The look, feel and staple accessories of superhero comics -- sleek spaceships, outlandish costumes, ray guns -- were created during the 1940s, and have a sort of late Art Nouveau quality, so it makes sense that, when creating a superhero-populated universe, you sort of feel obliged to explain this by imputing its origins to that period. True, this may impose certain artistic restrictions on the genre; it's just a difficult thing to shake off.
This may be the most direct explanation for the phenomenon, although ray guns and rocketships were around from 1900-1960. Just the same, the World War II period seems to be the Locus for all superhero activities.
The 1930s Art Deco aesthetic is absolutely wonderful (it’s part of what makes TOM STRONG so much fun) and the patriotic “beat back the devil” directness and flag waiving of the 1940s equally so, however, superheroes are so broad that they can work with many kids of visual aesthetics, styles, and times. Lots of great superhero stuff, for example, was done with a distinct 60s counterculture vibe: Ditko’s DR. STRANGE, Jack Kirby’s JIMMY OLSEN and FOREVER PEOPLE, the AVENGERS issues that have Captain America reading Tolkien and saying “far out.”
In a way, the superhero is a sort of metaphor for the atom bomb: a very powerful thing that can change the world.
Someone once said that the world would be more different the FEWER superpowered beings there are, and the more like ours the MORE there are. The reason the Watchmen world is so different from our own is because there’s only one Doctor Manhattan. On the other hand, the reason the Marvel Universe is so much like our own, Viking Gods and Russian super-monkeys notwithstanding, is that there’s a Charles Xavier to block Magneto’s objectives, and vice-versa.
The people he works with and fights are not unusual -- they're a normal part of his world, one that's been around over a millennium.

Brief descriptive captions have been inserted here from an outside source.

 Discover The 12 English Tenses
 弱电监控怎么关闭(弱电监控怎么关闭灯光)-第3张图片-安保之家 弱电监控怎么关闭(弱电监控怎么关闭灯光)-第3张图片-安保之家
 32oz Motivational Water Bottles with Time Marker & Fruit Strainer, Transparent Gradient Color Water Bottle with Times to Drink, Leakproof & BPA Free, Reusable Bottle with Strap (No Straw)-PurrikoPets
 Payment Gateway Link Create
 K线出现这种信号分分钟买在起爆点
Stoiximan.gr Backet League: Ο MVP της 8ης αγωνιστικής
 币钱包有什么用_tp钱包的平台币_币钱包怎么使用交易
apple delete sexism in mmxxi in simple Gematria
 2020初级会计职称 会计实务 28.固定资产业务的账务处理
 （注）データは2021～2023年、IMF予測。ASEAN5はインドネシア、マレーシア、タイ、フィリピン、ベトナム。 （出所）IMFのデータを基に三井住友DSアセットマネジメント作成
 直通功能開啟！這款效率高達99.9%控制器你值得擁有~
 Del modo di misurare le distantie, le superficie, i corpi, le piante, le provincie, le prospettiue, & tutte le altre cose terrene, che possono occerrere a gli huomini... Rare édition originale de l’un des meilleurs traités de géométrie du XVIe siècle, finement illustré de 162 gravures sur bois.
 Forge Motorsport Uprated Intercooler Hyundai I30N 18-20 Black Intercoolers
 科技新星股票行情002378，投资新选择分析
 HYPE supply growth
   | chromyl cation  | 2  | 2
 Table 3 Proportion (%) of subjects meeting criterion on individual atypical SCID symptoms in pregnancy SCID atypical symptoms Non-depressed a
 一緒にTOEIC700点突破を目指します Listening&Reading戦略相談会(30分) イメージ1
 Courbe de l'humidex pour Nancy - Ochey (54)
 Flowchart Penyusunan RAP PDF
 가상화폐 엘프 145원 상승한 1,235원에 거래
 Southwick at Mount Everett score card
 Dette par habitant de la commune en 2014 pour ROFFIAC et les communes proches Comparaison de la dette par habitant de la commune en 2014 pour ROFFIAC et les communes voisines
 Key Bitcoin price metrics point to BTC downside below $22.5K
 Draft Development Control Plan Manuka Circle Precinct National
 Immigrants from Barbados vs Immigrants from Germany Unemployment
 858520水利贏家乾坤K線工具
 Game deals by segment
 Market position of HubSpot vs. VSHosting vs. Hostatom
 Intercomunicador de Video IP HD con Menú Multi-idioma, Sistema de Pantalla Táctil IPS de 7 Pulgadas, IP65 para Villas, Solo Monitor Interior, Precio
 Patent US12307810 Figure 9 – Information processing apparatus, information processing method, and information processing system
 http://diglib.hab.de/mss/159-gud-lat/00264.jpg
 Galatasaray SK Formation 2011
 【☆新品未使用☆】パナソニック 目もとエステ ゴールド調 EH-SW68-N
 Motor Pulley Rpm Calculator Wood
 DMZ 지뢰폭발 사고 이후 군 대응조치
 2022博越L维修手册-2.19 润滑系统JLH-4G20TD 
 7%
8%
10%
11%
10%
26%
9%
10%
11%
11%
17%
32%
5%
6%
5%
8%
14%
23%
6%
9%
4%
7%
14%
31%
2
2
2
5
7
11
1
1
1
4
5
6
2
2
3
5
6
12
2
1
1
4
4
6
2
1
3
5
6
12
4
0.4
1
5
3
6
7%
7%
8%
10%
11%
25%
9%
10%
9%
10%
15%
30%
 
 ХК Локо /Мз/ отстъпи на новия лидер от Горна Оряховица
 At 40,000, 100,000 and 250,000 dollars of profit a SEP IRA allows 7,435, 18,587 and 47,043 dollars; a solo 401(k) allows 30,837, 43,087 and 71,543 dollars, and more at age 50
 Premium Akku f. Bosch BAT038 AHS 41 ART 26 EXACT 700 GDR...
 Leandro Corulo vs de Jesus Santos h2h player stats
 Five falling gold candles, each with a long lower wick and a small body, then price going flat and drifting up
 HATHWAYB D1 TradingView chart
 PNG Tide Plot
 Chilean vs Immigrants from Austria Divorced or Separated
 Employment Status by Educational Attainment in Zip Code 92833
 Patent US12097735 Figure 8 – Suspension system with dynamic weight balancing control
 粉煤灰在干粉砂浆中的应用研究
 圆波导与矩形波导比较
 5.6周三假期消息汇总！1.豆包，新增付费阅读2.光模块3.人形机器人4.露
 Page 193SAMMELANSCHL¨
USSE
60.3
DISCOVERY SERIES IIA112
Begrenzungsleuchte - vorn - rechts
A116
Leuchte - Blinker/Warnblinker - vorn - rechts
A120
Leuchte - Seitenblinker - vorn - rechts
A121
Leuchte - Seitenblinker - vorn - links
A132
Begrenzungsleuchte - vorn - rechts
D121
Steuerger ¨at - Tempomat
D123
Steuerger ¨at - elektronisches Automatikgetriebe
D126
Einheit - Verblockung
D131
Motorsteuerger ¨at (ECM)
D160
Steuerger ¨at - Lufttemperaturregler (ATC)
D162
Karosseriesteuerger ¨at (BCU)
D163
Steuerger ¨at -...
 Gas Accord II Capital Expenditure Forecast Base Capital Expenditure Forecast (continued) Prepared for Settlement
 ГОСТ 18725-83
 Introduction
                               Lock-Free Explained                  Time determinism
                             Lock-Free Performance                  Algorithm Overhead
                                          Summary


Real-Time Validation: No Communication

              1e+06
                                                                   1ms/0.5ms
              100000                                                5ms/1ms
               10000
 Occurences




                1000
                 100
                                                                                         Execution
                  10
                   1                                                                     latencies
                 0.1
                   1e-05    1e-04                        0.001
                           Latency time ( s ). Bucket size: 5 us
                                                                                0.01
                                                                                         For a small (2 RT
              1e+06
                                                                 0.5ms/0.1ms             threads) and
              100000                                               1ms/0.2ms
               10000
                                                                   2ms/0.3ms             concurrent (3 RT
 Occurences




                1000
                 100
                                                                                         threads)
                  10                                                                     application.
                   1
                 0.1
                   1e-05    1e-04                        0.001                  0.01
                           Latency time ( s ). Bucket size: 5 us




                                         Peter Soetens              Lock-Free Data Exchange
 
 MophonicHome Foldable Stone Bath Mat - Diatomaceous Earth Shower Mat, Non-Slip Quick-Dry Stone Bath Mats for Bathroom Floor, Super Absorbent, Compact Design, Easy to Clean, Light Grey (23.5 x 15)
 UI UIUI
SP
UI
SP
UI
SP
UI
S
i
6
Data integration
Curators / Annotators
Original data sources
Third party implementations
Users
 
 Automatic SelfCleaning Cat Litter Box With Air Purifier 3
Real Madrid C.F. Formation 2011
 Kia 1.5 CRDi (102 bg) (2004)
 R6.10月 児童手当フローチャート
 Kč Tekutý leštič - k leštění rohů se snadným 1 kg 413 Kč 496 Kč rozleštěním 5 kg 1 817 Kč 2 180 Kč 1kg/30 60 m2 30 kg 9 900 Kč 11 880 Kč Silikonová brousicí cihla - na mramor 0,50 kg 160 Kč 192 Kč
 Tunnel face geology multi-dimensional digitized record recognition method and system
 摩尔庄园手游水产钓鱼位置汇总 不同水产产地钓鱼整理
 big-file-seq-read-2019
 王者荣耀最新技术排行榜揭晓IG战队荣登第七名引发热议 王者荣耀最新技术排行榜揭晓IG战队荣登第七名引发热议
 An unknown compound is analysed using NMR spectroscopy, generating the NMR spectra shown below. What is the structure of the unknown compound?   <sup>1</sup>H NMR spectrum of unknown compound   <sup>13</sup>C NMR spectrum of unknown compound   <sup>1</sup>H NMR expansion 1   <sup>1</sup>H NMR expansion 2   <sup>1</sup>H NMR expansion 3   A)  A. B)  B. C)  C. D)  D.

The idea that what defines superheroes is that they are special and not a normalized a part of the way the world works that society takes into account, may not necessarily be the definition of a superhero. Some interesting work is left to be done involving a setting where superheroes and the superpowered are incorporated into a setting: the fact that superheroes exist changes how the world works, in a more profound ways than the Big Two universes.
One of the things that was most interesting and innovative things about the Silver Age Green Lantern is that he is a “cog in a vast machine,” as the DC Encyclopedia put it, someone whose superheroism is incorporated into worldbuilding: the Guardians, the other Green Lanterns, and so on.
I don't think that says anything particularly narrow about the superhero genre -- the only reason, to my mind, to think of ARROWSMITH as a superhero story is that it's a comic book, which makes the association closer.
Interesting point, that medium does play a role in classification. If Roger Zelazny’s LORD OF LIGHT or E.E. Smith’s Lensman books was anything other than prose novels – a movie, television show, a comic book, they would probably be called “superhero” due to the superpowered, confident protagonists and monsters.